Some people think of food as a simple necessity to keep our bodies fuelled and ready for action. Since I can remember my Mum considered food, and in particular cooking, as an art form. She would spend hours making sumptuous meals, homemade pastries and curries prepared from her own secret paste as spicy as her mischievous mood on the day. So when Mum got a cook book out to check how to make a pie and she grilled a cake, it was a sign that things were a miss.
As the Alzheimer's progressed Dad & I were served many interesting concoctions: stewed apple, chips and custard sticks in my memory! The progression continued and as Mum stopped cooking altogether she became very agitated if someone else was in her kitchen preparing food. Even joint cooking resulted in too much of an argument for a successful meal.

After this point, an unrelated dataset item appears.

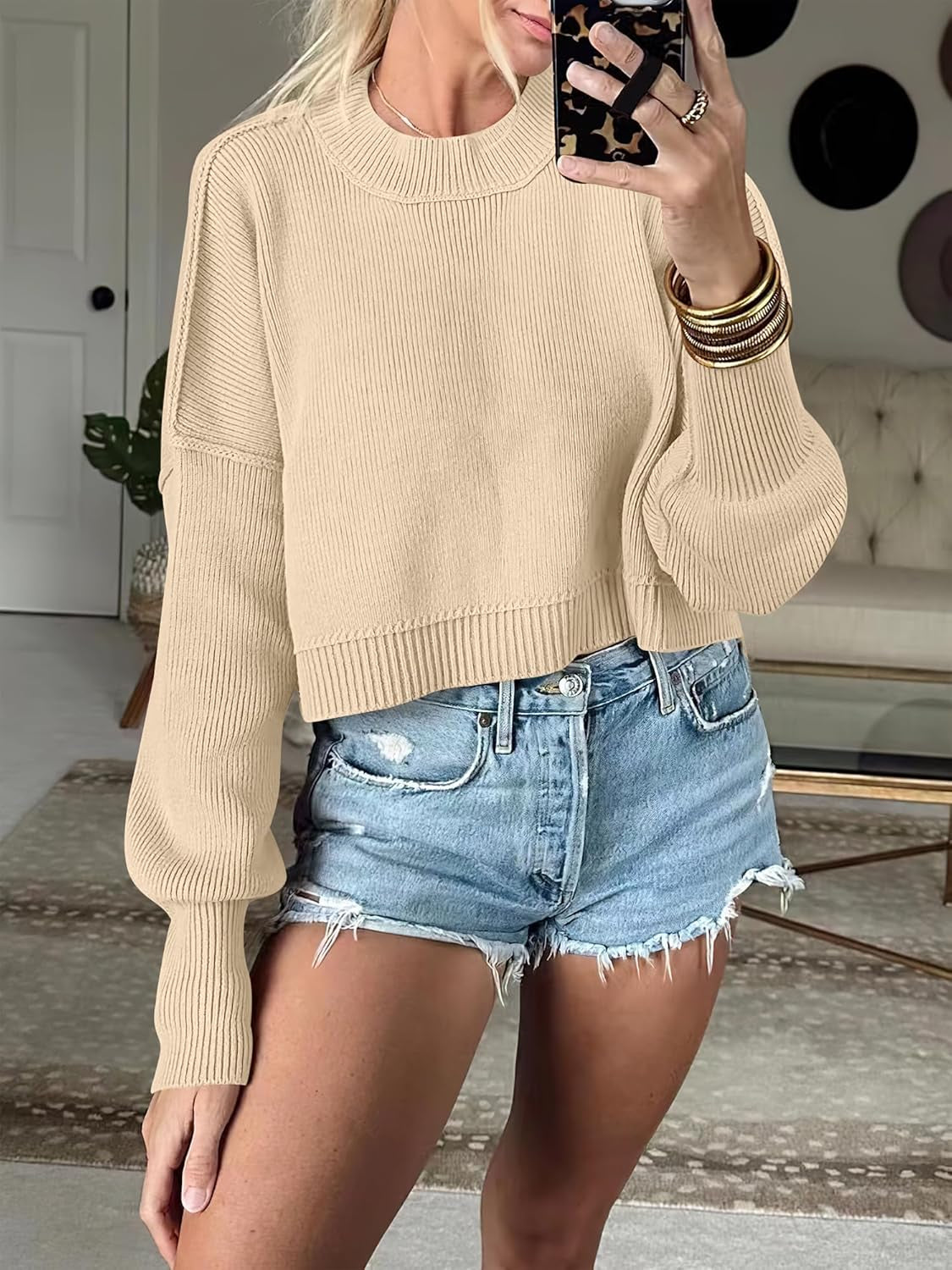 Womens Cropped Sweaters Oversized Crewneck Long Batwing Sleeve Side Slit Ribbed Knit Pullover Tops 2025 Fall Clothes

It was a difficult time to get healthy food inside Mum and Dad, and much as I tried to empathise with Mum's frustration at losing her independence, and also losing her long held passion for food, the whole family was really worried at our parents' obvious loss of weight. We all, particularly Dad, struggled through this testing time, but, as is the way with this illness, eventually Mum became less territorial of her kitchen and we managed to get care agency staff in to cook meals.
Watching Mum lose her ability to cook has been hard, but last week I saw pure delight on her face as she sat in her apron ready to make mini muffins with another resident in her care home. Long may these happy moments continue.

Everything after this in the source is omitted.